BEGIN DATA EXCERPT

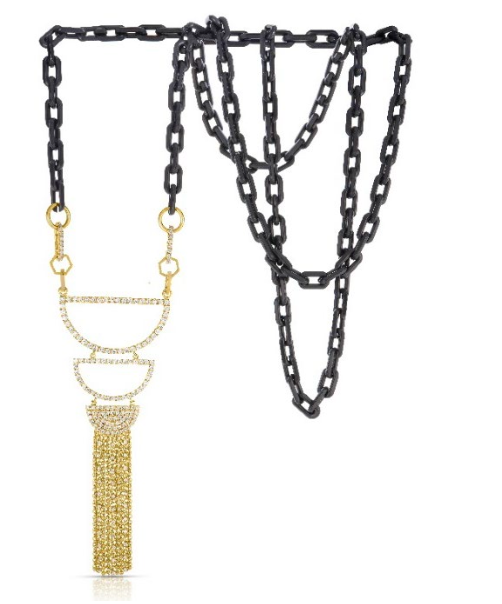 Black Ceramic Detachable Chain w Pave Open Close Diamond Links & Triple Diamond Pendant w Diamond Fringe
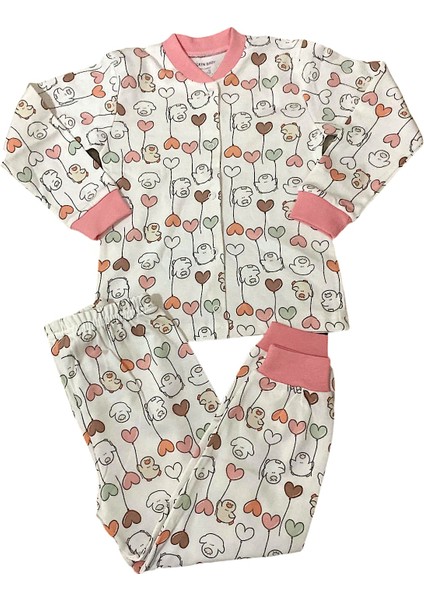 Kız Çocuk Pijama Takımı (3-6 YAŞ) Pamuktan Balonlu Civciv Desenli modelleri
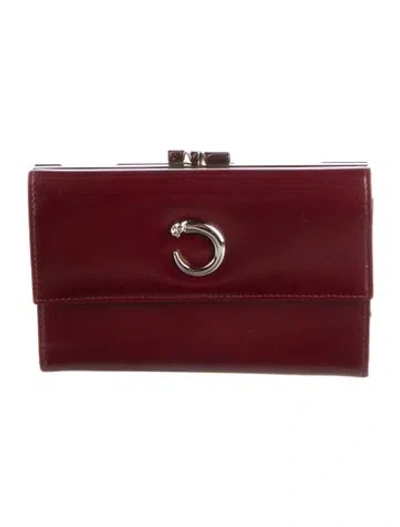 Pre-owned Cartier Leather French Purse In Red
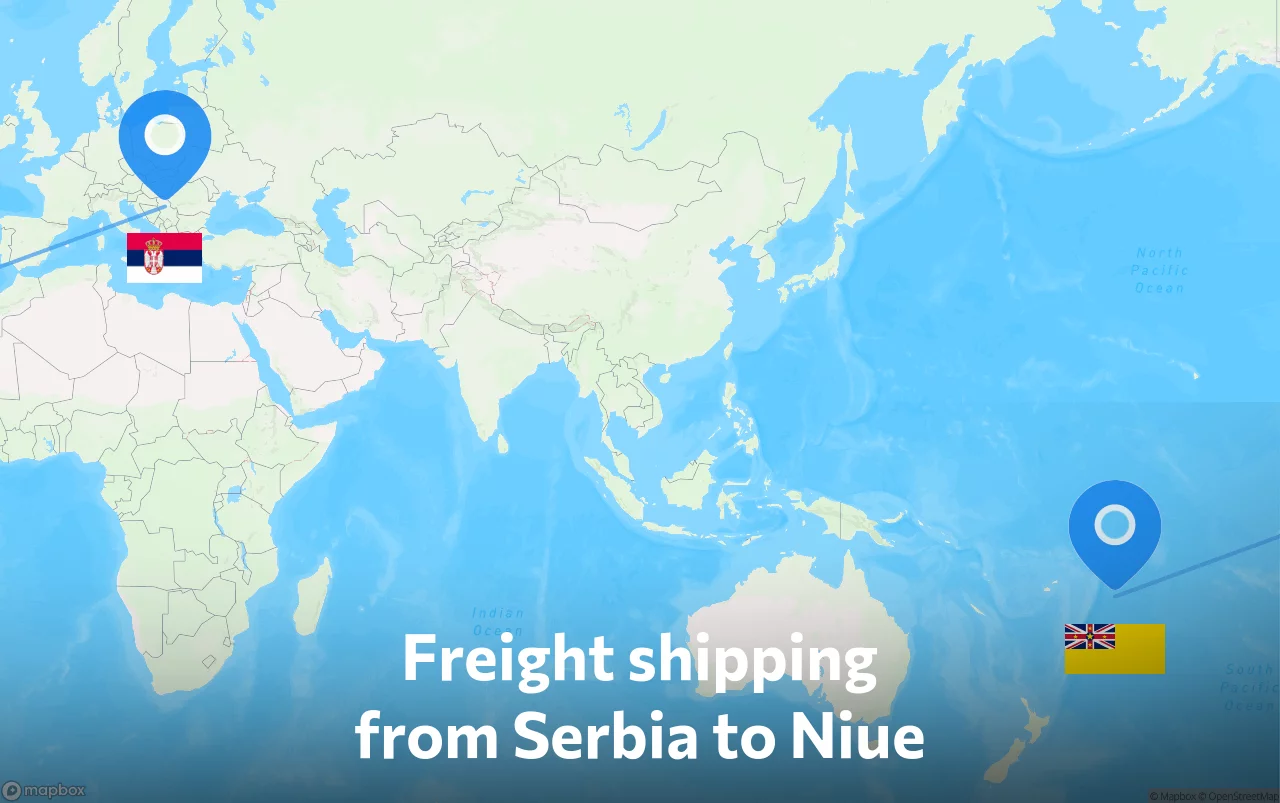 Shipping route from Serbia to Niue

END DATA EXCERPT

● **WHAT YOU WILL DO**
Print the data once more without any change, skipping each picture.

● **RESPONSE**
 Black Ceramic Detachable Chain w Pave Open Close Diamond Links & Triple Diamond Pendant w Diamond Fringe
 Kız Çocuk Pijama Takımı (3-6 YAŞ) Pamuktan Balonlu Civciv Desenli modelleri
 Pre-owned Cartier Leather French Purse In Red
 Shipping route from Serbia to Niue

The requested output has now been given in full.